In several cases, especially with SQL Server and MySQL Enterprise v9.2, encryption introduced minimal overhead, maintaining the transparent nature of TDE [
6]. However, Oracle exhibited more variable results, with higher execution times under encryption, especially with AES-256 at a larger scale.
In future research we intend to increase the Scale Factors to analyze how encryption affects Oracle, MySQL, and SQL Server performance through system resource monitoring and execution time measurement. SQL Server showed stabilization at Scale Factor 10, while Oracle had some variations, particularly under AES-256. MySQL showed inconsistency between Scale Factor 0.1 and Scale Factor 1, showing that higher Scale Factors can reveal consistency in terms of expectations or highlight scaling inefficiencies.

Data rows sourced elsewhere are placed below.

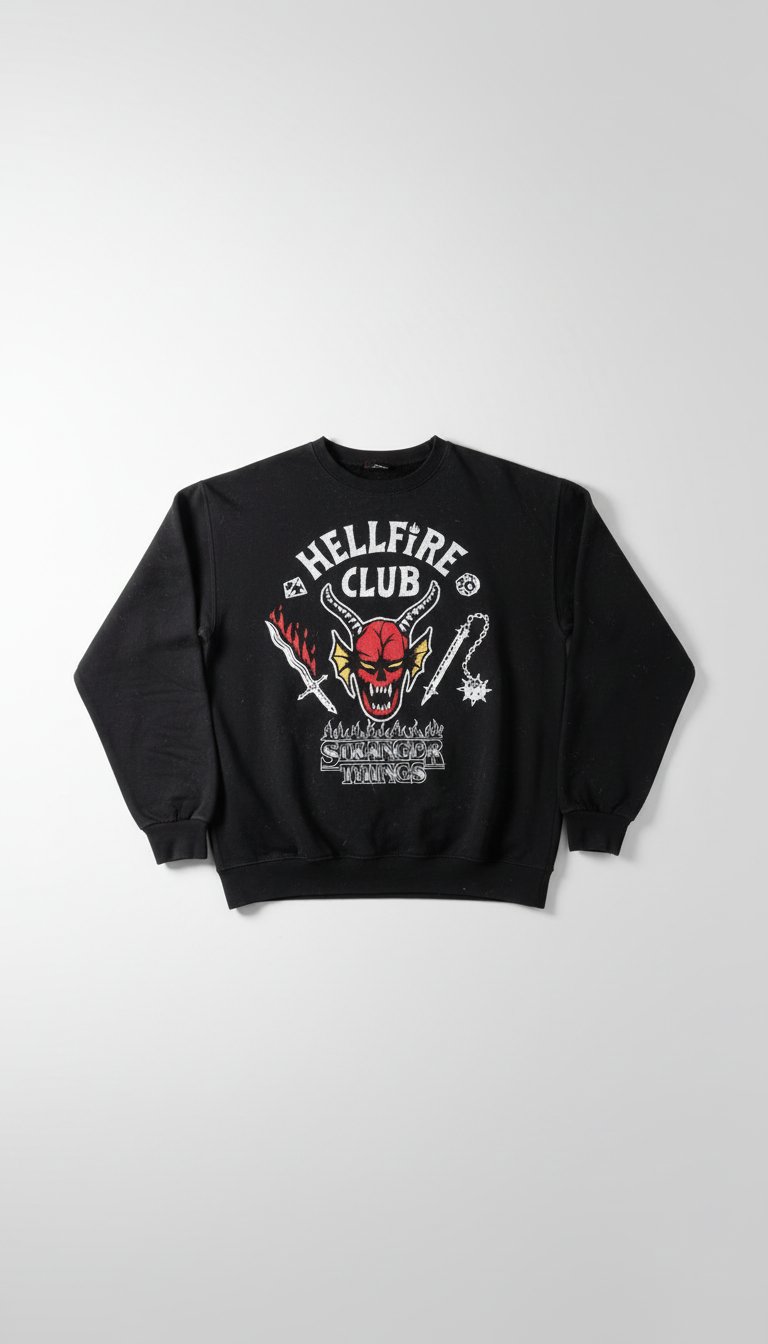 Pull 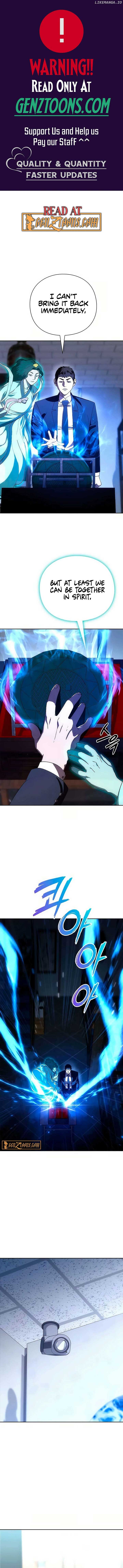 ch 48 1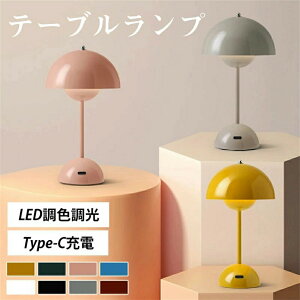 e[uv  ^b`ZT[ 3FF 3iK ؍ k fXNCg g ԐڏƖ  iCgCg 킢 zCg CeA@Ɩ Xg@
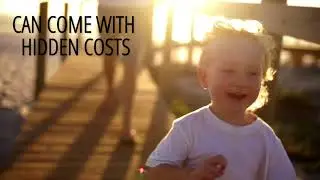 Buy the Life Insurance, Skip the Hidden Fees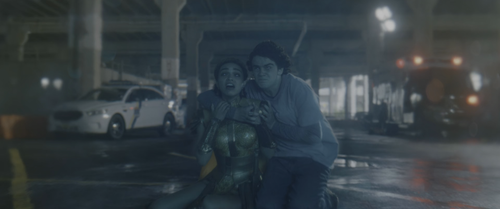 Shazam!.Fury.of.the.Gods.2023.2160p.Pad HDR.UHD.BluRay.AAC.2Audio.x265 10bit HDSPad.mp4 20230523 140.png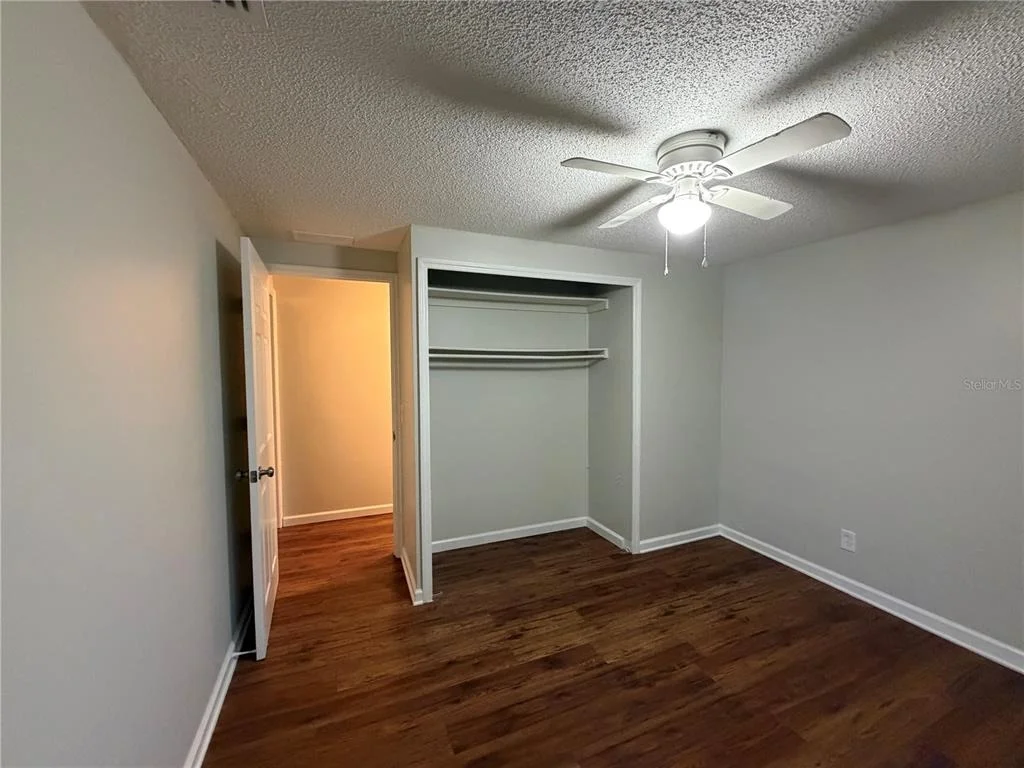 Photo of 3004 HUNKIN CIRCLE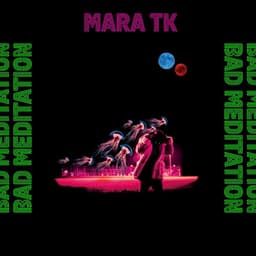 Mara TK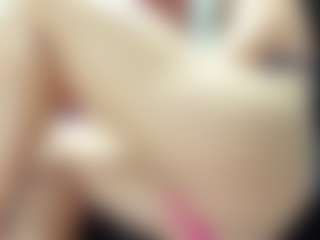 AGATHA-FIT's Live Sex Cam Show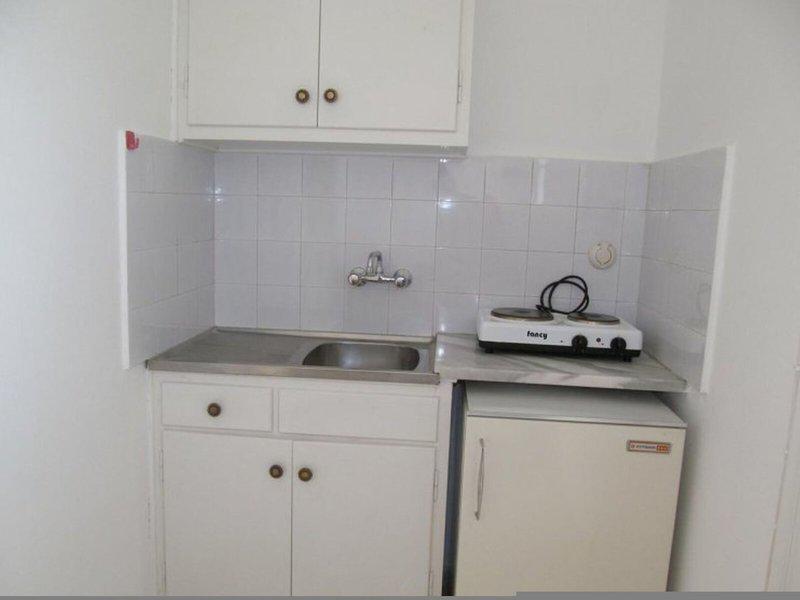 36E81F0661C05F45553D10965F8E3FFD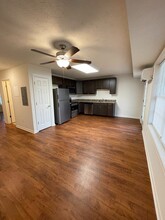 2857 Congers Creek Rd in Harrisonburg, VA - Foto de edificio - Building Photo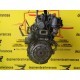 MOTOR CITROEN XSARA , 1.4 HDI, AN 2002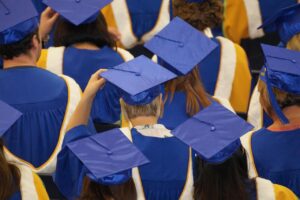 CGPA calculator online tool for students
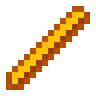 TeamChat | BungeeCord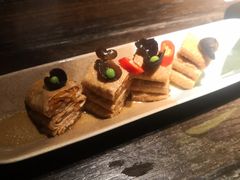 -外婆家(杭州马塍店·杭帮菜名店)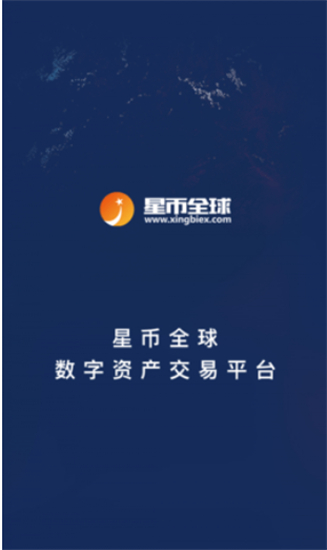 �Ǳҽ�����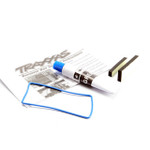 Traxxas Receiver Box Seal Kit TRA5625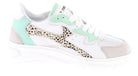 Hip Sneaker - Hip Kinderschoenen | H1096 Wit
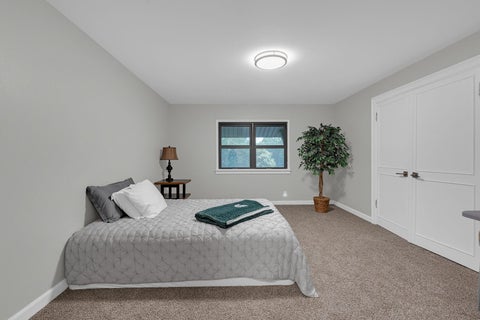 Tiny photo for 2330 Coach Road, Long Grove, IL 60047 (MLS # 12741959)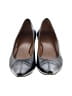 J.Crew Collection Black Heels Size 7 - photo 2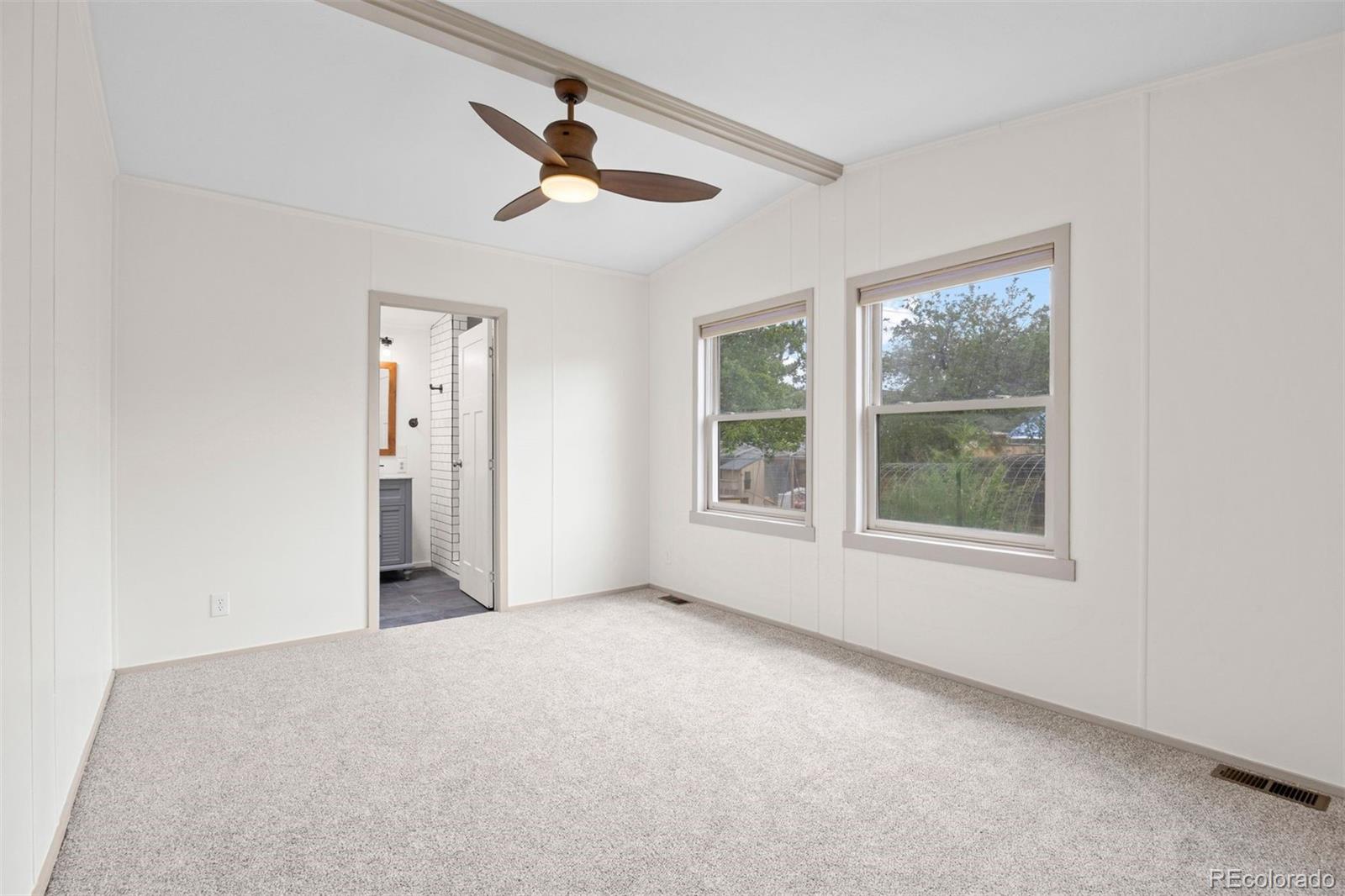 MLS Image #18 for 8646 s carr street,littleton, Colorado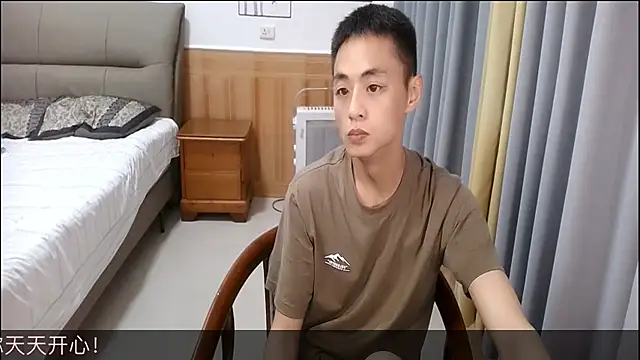 davidboys online show from 24, 5, 2026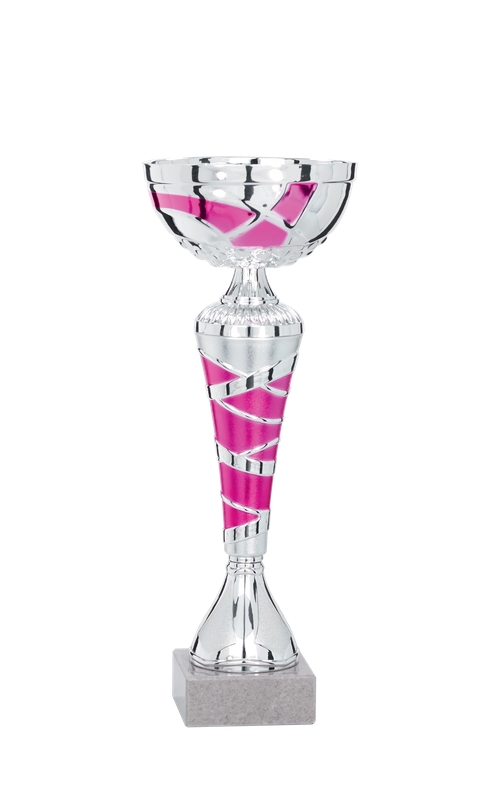 Cup478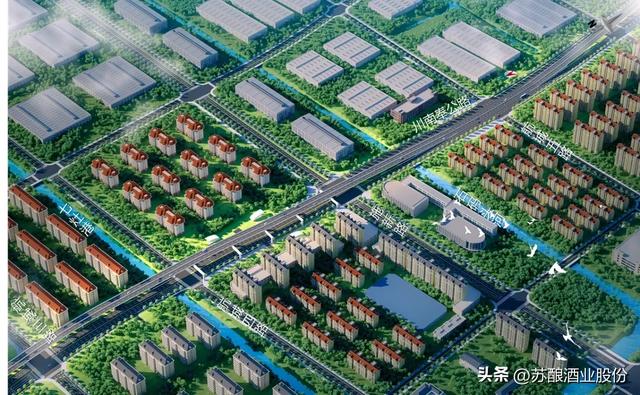 川南奉公路祝桥段提升改建工程开工在即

A dedicated machine combined with background process isolation would produce more precise and consistent results, because background processes create variations in the results. This analysis would provide a better understanding of how encryption strength affects system performance and efficiency. This study focuses exclusively on analytical read queries from the TPC-H benchmark. Data refresh streams, maintenance tasks such as inserts, updates and index rebuilds, key rotation, re-encryption, and backup or restore operations were not evaluated, even though they are usually more sensitive to encryption overhead. The experiments were also carried out in a modest academic environment with limited hardware, which means that the results cannot be directly compared with those expected in larger and more powerful systems. Topics such as a clear security model, attacker assumptions, exposure windows, and comparisons with other encryption approaches were also outside the scope of this work. The next phase of this research will involve extending the tests to stronger hardware, addressing these aspects and improving data presentation with visual summaries, while addressing these aspects. Additionally, different encryption algorithms should be analyzed to evaluate their performance characteristics, with the results being compared to those of other algorithms. Furthermore, real-world scenarios should be conducted in cloud environments to evaluate the performance of on-premises and cloud setups using contemporary tools.